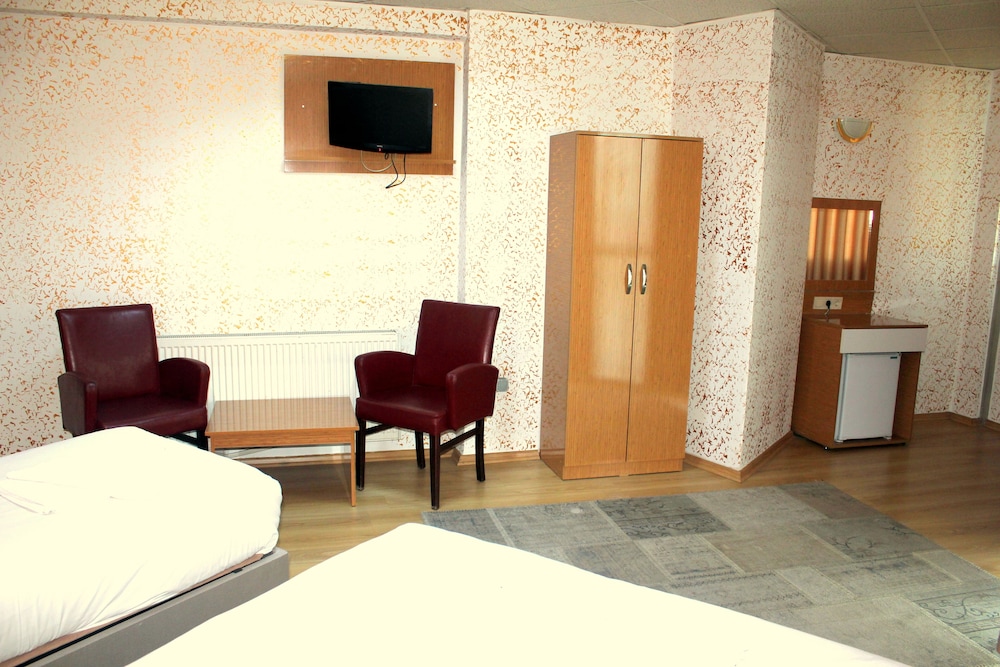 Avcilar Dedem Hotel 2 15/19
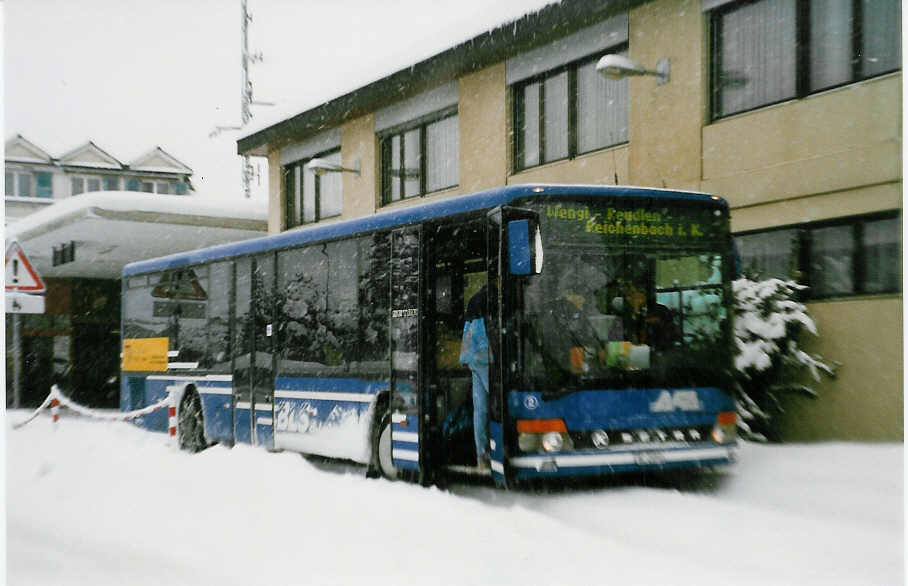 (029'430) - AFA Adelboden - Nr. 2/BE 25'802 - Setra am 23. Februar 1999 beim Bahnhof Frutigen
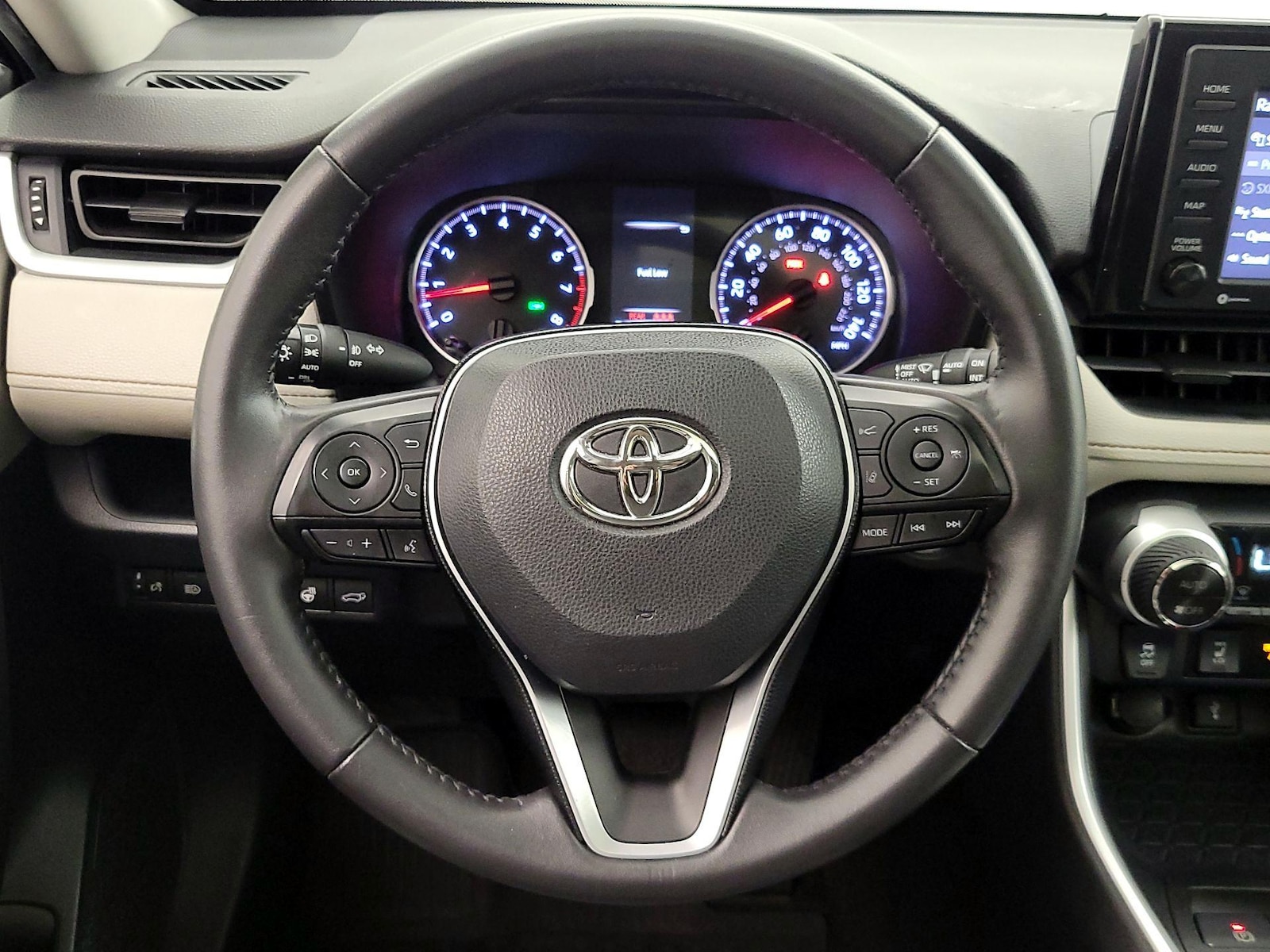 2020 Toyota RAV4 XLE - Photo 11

...

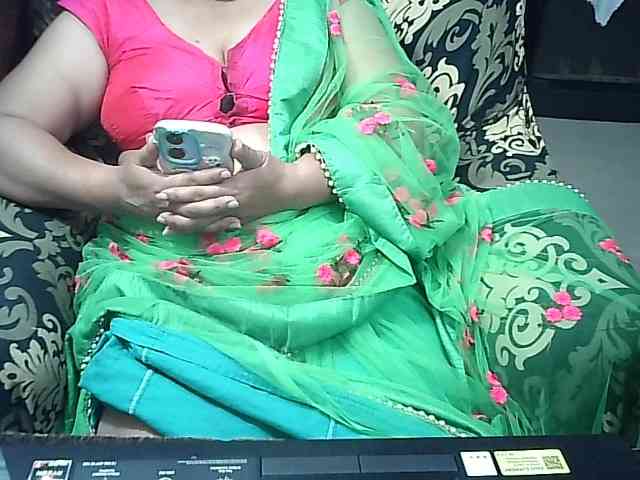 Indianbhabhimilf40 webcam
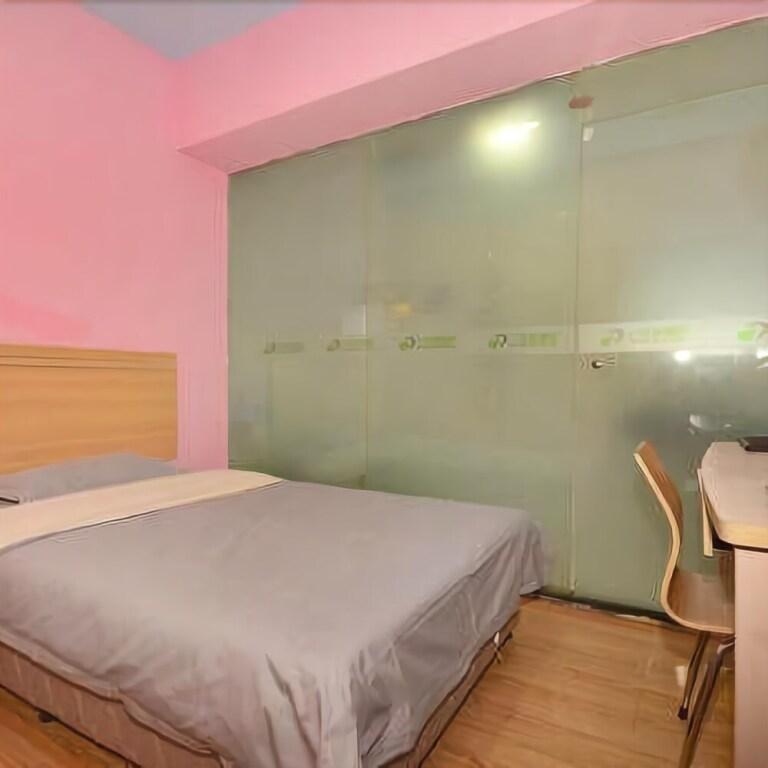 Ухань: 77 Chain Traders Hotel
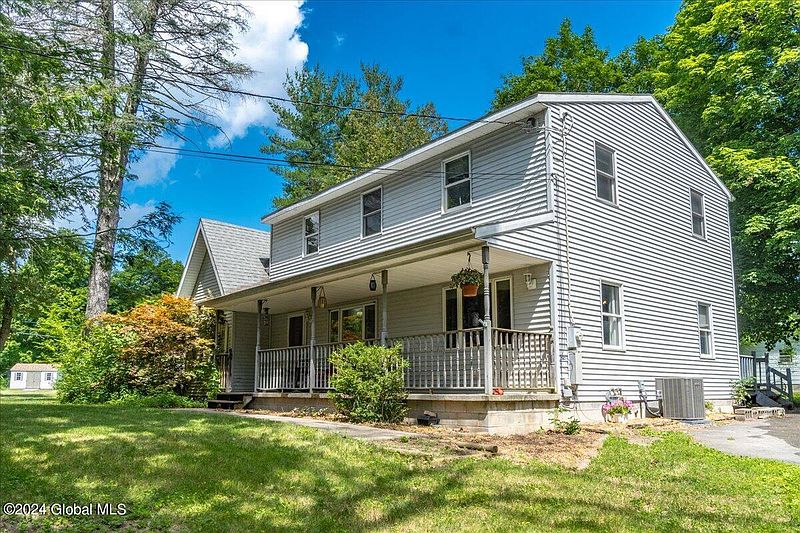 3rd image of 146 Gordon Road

## Prompt:
Only the lines starting at the one that includes "Avcilar Dedem Hotel 2 15/19" and ending at the one that includes "2020 Toyota RAV4 XLE - Photo 11" should be retyped, exactly, from the records above; no pictures.

## Finished exercise:
 Avcilar Dedem Hotel 2 15/19
 (029'430) - AFA Adelboden - Nr. 2/BE 25'802 - Setra am 23. Februar 1999 beim Bahnhof Frutigen
 2020 Toyota RAV4 XLE - Photo 11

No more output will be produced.